Greg’s Adventures

Loopback Success

·4 mins

I had one of those geekpride moments last night when trying to deal with a problem I was having with a Minecraft server running ModLoader. Modding Minecraft is not as easy as it could be, but since it is written in Java, it is not as hard as it could be either. A number of clever folks have built compatibility layers and wrappers to improve mod maintainability and compatibility. ModLoader is one of these wrappers widgets.

Its developer recently (well, somewhat recently anyway) added a feature that would merge zipped jar like class collections from a mods subdirectory into the classpath, preventing the need to edit minecraft_server.jar for each and every mod as you had to do in the past. It loads these in “random” order, which turns out to be alphabetical on some platforms, and in less easily manipulated order on others. Linux falls into the latter category, naturally.

When I looked to fix this, my first thought was to change ModLoader’s behavior so that it always loaded in alphabetical order. This would be trivial to do if I had the source for ModLoader, but less so without it. I don’t have much experience with Java decompilers and just didn’t feel like messing with that.

Instead, I implemented a fun easy hack that anyone running Linux can do. I created a small vfat loopback filesystem for the mods subfolder. This produced the expected alphabetical loading order and took a minute or two to set up. Here’s how you do it:

First, create a zeroed out virtual “disk” file to mount, using dd.

dd if=/dev/zero of=diskimage.100mb bs=1048576 count=100

dd stands for data description, but you don’t really need to know that. It looks more complicated than it is. The if and of parameters are “in file” and “out file.” Since we want a file filled with zeroes, we use /dev/zero (a convenience “device” that returns zero) as the “in file.” Next, we have bs, for which the snarky among you will instantly have a definition in mind. However!
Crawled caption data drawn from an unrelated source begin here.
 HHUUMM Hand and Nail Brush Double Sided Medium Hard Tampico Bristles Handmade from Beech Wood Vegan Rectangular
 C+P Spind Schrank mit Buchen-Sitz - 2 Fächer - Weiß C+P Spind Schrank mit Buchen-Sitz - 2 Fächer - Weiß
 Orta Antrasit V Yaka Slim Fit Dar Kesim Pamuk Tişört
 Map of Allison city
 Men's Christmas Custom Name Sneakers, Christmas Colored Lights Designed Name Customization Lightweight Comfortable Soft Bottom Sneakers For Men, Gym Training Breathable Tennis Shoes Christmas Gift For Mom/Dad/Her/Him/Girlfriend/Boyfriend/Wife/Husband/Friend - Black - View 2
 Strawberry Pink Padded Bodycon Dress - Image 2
It is actually “block size,” and determines the size of each copy block, or step in bytes. As I wanted a file that was roughly 100MB, I used the size of a megabyte here. Lastly, we have count, which simply determines the number of “bs” blocks to write. (Yes, yes, BS blocks)

Now! We have a nice empty file to use. Let’s format it. This is super easy.

mkfs.vfat diskimage.100mb

We use vfat because it is fast, simple, and Windowsy. Also, it worked.
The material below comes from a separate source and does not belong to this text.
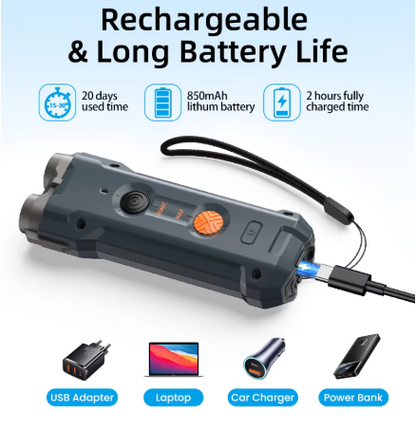 2-in-1 Ultrasonic Dog Trainer & Anti-Bark Device – Rechargeable Dog Repeller with Flashlight
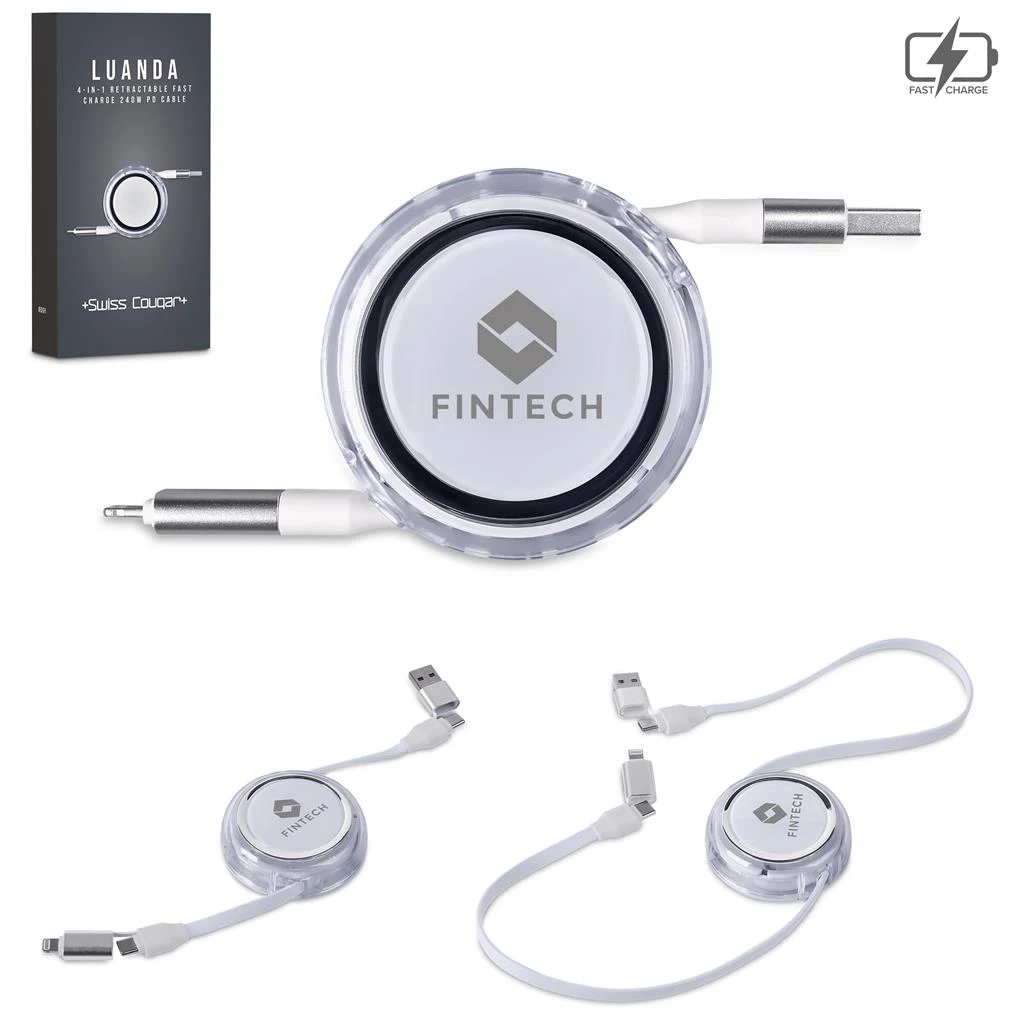 Swiss Cougar Luanda 4-In-1 Retractable Fast Charge 240W Power Delivery Cable | Mt-Sc-531-B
Last step! We need to mount it. In Linux, there are no pesky drive letters. One can mount a filesystem anywhere. Everything lives as a child of root, which is simply /. So let us assume our Minecraft server lives in /home/minecraft. The mods folder needs to be /home/minecraft/mods. So create the empty folder first. (Move your existing mods folder out of the way if needed.)

mv mods mods-old (if needed)
mkdir mods

And the mount: (You need to be able to run things as sudo/root to do this. Discussions about sudo are outside of the scope of this article.)

sudo mount diskimage.100mb /home/minecraft/mods -t vfat -o loop,owner,group,umask=000

The gist of this is probably obvious. The flags tell mount the type of the filesystem and to map all the files as 777 (readable and writeable by all) since vfat does not support these things natively. It’s fine for our needs, though not secure enough for some other situations, such as a folder accessible via the web, so make sure you understand the implications of this before you use it elsewhere.

Now, you are set! You can copy your mod zip files and rename them so that they are in the order you’d like and it will Just Work(TM). Hooray!

One last thing. If you want this to mount automatically, you will need to edit /etc/fstab, adding this: (all on one line)

/home/minecraft/diskimage.100mb /home/minecraft/mods vfat loop,owner,group,umask=000 0 0

I’ll leave the details of this to you to read about. Have fun!